Backward incompatibilities, the lack of standard schemas for components, and projects staffed by too few developers are just some of the risks threatening the security of free and open-source software (FOSS), a study released by the Linux Foundation, the Open Source Security Foundation (OpenSSF), and Harvard University has found.
The Census III study is based on 12 million observations of FOSS libraries used in production apps at more than 10,000 companies.

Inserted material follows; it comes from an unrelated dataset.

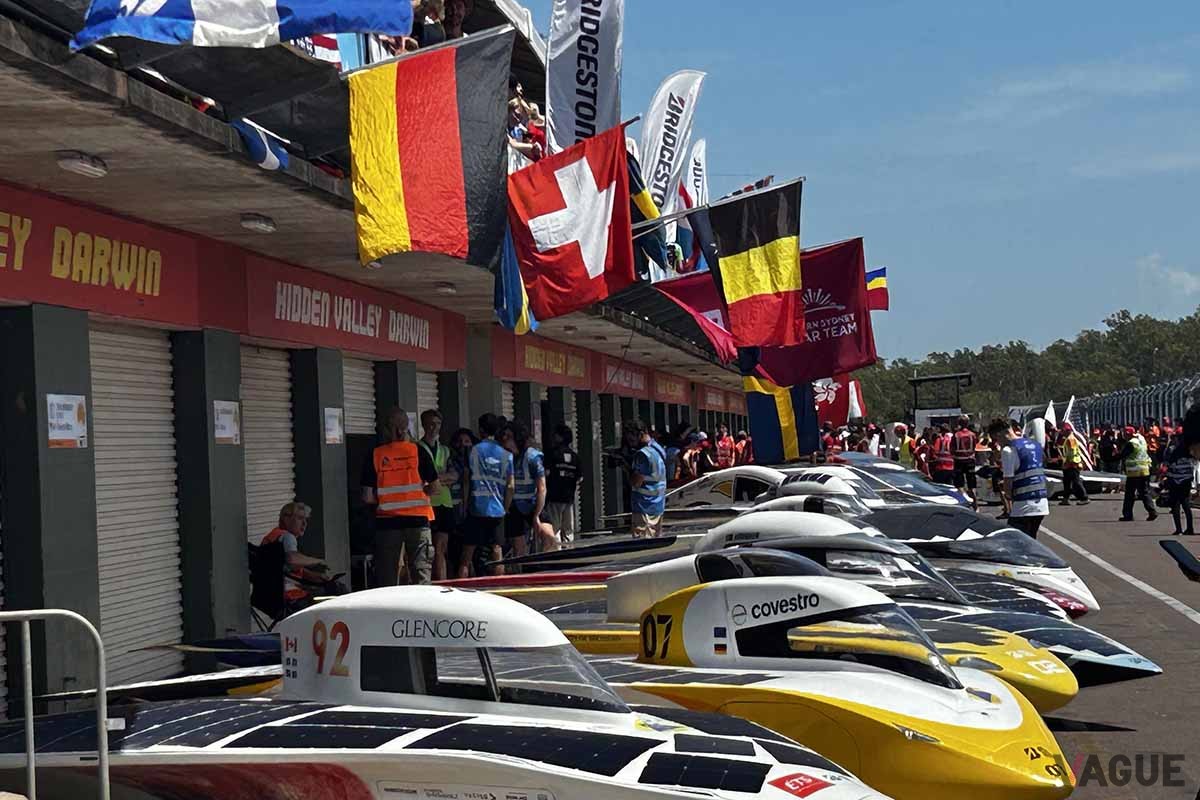 世界最大級のソーラーカーレース「Bridgestone World Solar Challenge 2025（ブリヂストン・ワールド・ソーラー・チャレンジ2025=BWSC）」の様子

It follows two earlier efforts to identify risky practices in the FOSS universe, Census I in 2015 and Census II in 2022.
The new study aims to shed additional light on the most commonly used FOSS packages at the application library level, explained the authors of the report, Frank Nagle and Richie Zitomer, of Harvard Business School; Kate Powell, of the Laboratory for Innovation Science at Harvard; and David A. Wheeler, of OpenSSF and the Linux Foundation.
"This effort builds on the Census I report that focused on the lower level critical operating system libraries and utilities, and the Census II report that sought to improve our understanding of the language-level FOSS packages that software applications rely on," the researchers wrote. "Such insights will help identify critical FOSS packages for resource prioritization to address security issues in this widely used software."
Here are the key challenges facing open-source software in 2025.
[ Get RL's Essential Guide: Software Supply Chain Security for Dummies ]
1. Backward compatibility
In one of the high-level findings in the report, the researchers pointed to risks created when significant differences exist between old and new software versions. A case in point identified in the report is the transition from Python 2 to Python 3, introduced in 2008. It noted that Python 2 is still used by 7% of Python developers — and by an even higher percentage in certain segments, such as data analysis (29%), computer graphics (24%), and DevOps (23%).
“This illustrates that transitioning to a new version of software, when significant incompatibilities are introduced, can take more than a decade if it occurs at all,” the researchers wrote. “It also suggests the potential security risks from backward incompatibility. Python 2 is no longer supported by the Python developers, including for security vulnerabilities, yet in some market segments it still has 23-29% of the users.”
Ngoc Bui, a cybersecurity expert at Menlo Security, said backward incompatibility between Python versions can introduce security risks by hindering the adoption of newer, more secure versions
“Organizations that rely on older versions due to compatibility issues may remain vulnerable to known exploits. Maintaining code for both versions increases complexity, raising the chance of errors.”
—Ngoc Bui
Reliance on outdated libraries and frameworks further expands the potential attack surface, Bui said.
Tim Mackey, head of software supply chain risk strategy at Black Duck Software, said backward compatibility is something that should be supported only "for a very short period of time, not something that you run for a long time."
"If you can avoid it in production, you should,” said one of the study’s partners, which included Fossa, Snyk, and Sonatype.
2. Standardized schema efforts make progress
The researchers also found that there are promising efforts to implement a standardized naming schema for software components, which would improve supply chain security and future Census efforts:
“[T]here is a critical need for a standardized software component naming schema that is in widespread use. Until one is widely used, strategies for software security, transparency, and more will have limited effect.”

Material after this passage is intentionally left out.